If the friend is not directly causing you harm (not embarrassing you, calling you names, insulting you, etc.), then his seeing his friend is not a betrayal to you. If you force him to choose, this may drive a wedge between the 2 of you. Things to think about:
** Your husband is an adult-- he should choose what is best with his friends. If he complains and yet visits with this friend, then this is his choice and the complaints are shallow and meaningless since he chooses to visits (his feet have decided)
** Clearly this is your problem as he is not investing energy in getting out of the relationship. If you try to make it his problem, then your solution (trying to get him away from his friend) will now become a bigger problem between both of you, than the initial problem. IS THIS THE HILL YOU WANT TO DIE ON???
** Never, never, never try to control your spouse thru ultimatums... you may win the battle, but the war may be lost thru loss of affection, trust, understanding of you when you have a problem, etc.
** nag too often and he will visit his friend more frequently and for longer periods (or he may find new friends who won't nag him-- inclusive of females, which is where you don't want him to go!)
** Finally, what to do: Discuss the time issue, but say nothing about his friend being a loser (it's his friend not yours, he chose him, if you call his friend a loser what does this say about your husband's judgment and choices?
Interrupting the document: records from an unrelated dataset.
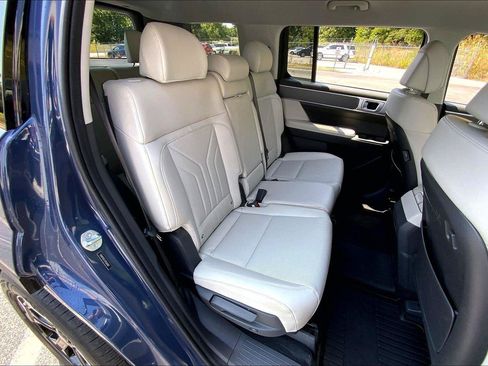Used 2026 Hyundai Santa Fe SEL AWD/4WD image 24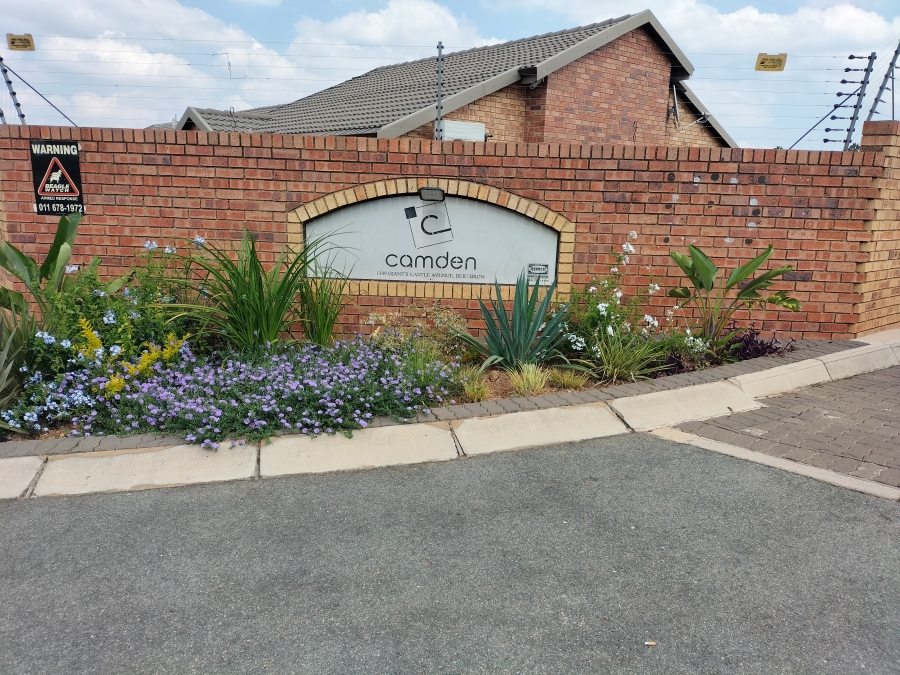 2 Bedroom Property for Sale in Bergbron Gauteng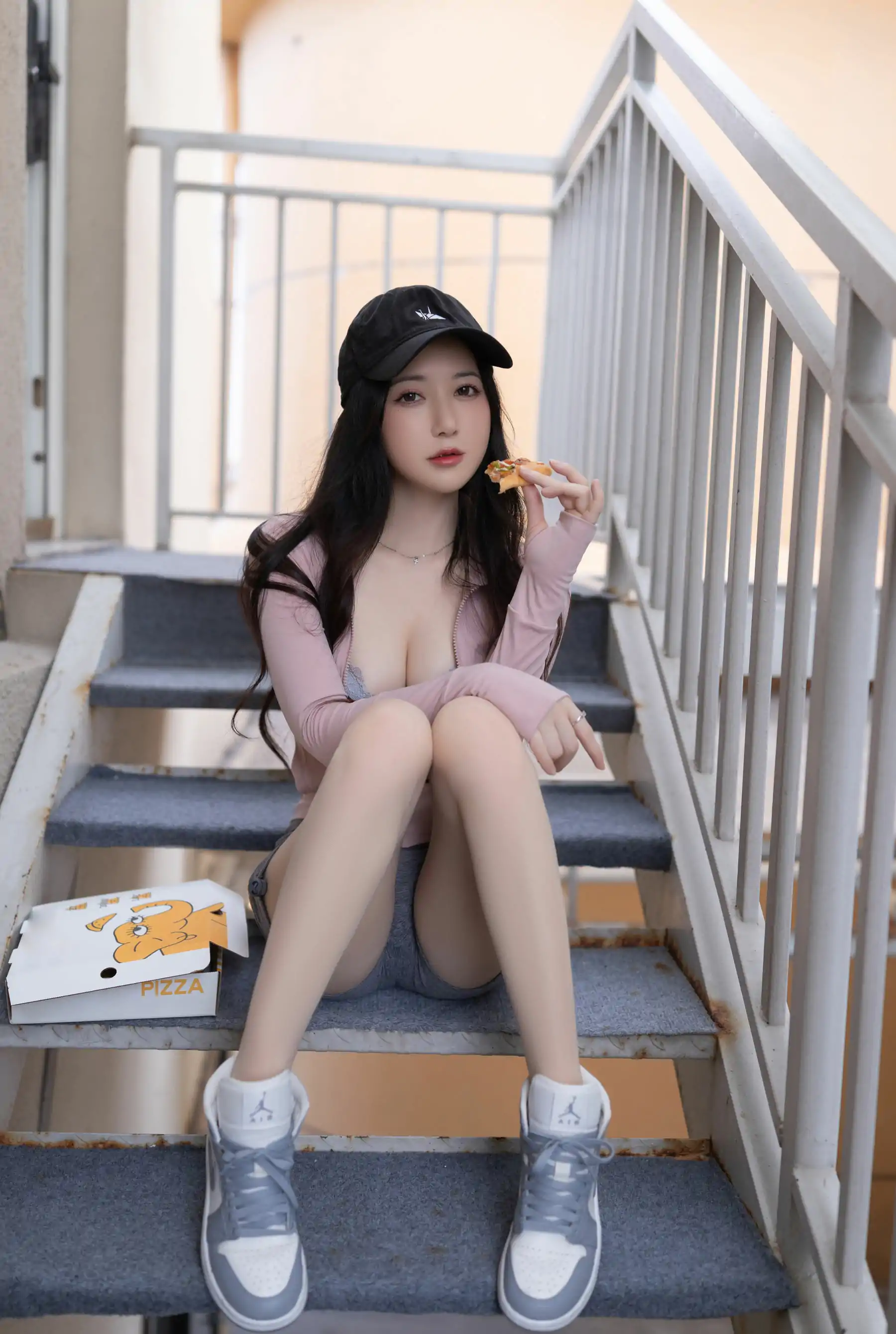 披萨pizza(120P) 鱼子酱 P.7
Is this where you wanna go), talk about how much time you'd like to spend with him, how often and doing what (be sure and be positive and make a place to enjoy for him, as this may keep him home more). Set up a schedule if you have to, of times he will be home to help out and be a parent and lover. The issue is not really his friend now, it now becomes how you spend time together... madly in love or arguing over his choices! You decide.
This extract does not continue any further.